In this markdown we will explore text mining. We will be using the “sherlock” data package that provides access to the 7 Sherlock Holmes novels, which includes 1. A Scandal in Bohemia 2. A Study in Scarlet 3. The Adventure of the Red Circle 4. The Advaenture of Wisteria Lodge 5. The Hound of the Baskervilles 6. The Sign of the Four 7. The Valley Of Fear
We will be using Text Mining with R: A Tidy Approach by Julia Silge & David Robinson as a guide to quantify sentiment. Given that the story of Sherlock Holmes revolves around detective work, do we expect the novels to have a negative sentiment?

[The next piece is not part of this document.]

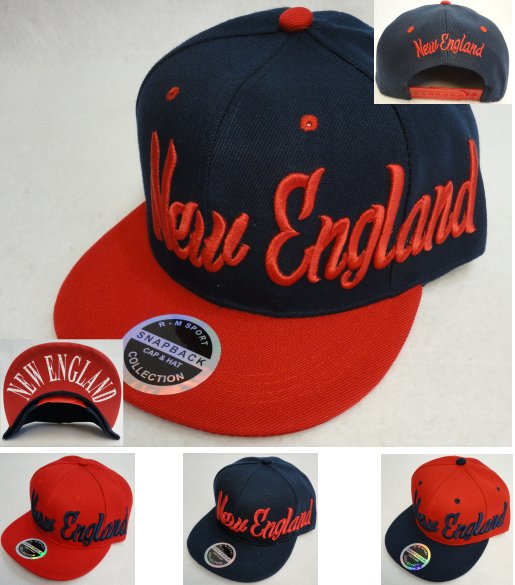 Snap Back Flat Bill Hat [NEW England] Script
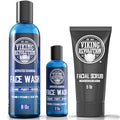 Viking Revolution Microdermabrasion Face Scrub for Men and Charcoal Face Wash for Men - Facial Cleanser for Skin Exfoliating, Deep Cleansing, Removing Blackheads, Acne - Daily Charcoal Facial Cleanser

We will be using the following libraries to explore and mine sentiment from all 7 books: dplyr stringr tidyr tidytext ggplot2 lexicon wordcloud reshape2
## Warning: package 'tidyr' was built under R version 4.1.3
## Warning: package 'dplyr' was built under R version 4.1.3
##
## Attaching package: 'dplyr'
## The following objects are masked from 'package:stats':
##
## filter, lag
## The following objects are masked from 'package:base':
##
## intersect, setdiff, setequal, union
## Warning: package 'stringr' was built under R version 4.1.3
## Warning: package 'tidytext' was built under R version 4.1.3
## Warning: package 'ggplot2' was built under R version 4.1.3
## Warning: package 'lexicon' was built under R version 4.1.3
## Warning: package 'wordcloud' was built under R version 4.1.3
## Loading required package: RColorBrewer
## Warning: package 'RColorBrewer' was built under R version 4.1.3
## Warning: package 'reshape2' was built under R version 4.1.3
##
## Attaching package: 'reshape2'
## The following object is masked from 'package:tidyr':
##
## smiths
After loading the “sherlock” library it is crucial to tidy the text as much as possible. Given that the package contains several books, the groupby() function will serve to separate them. Then, a mutate function along with a regular expression is used to detect each chapter. A filter() is used to remove any row values where chapter is equal to 0 (zero). Removing these rows will filter out any headers and table of contents in every book.Lastly, we tokenize our text data. Tokenization is the practice of splitting text into words or larger groups of words, such as sentences or paragraphs. For our purposes, we will tokenize at the single word level.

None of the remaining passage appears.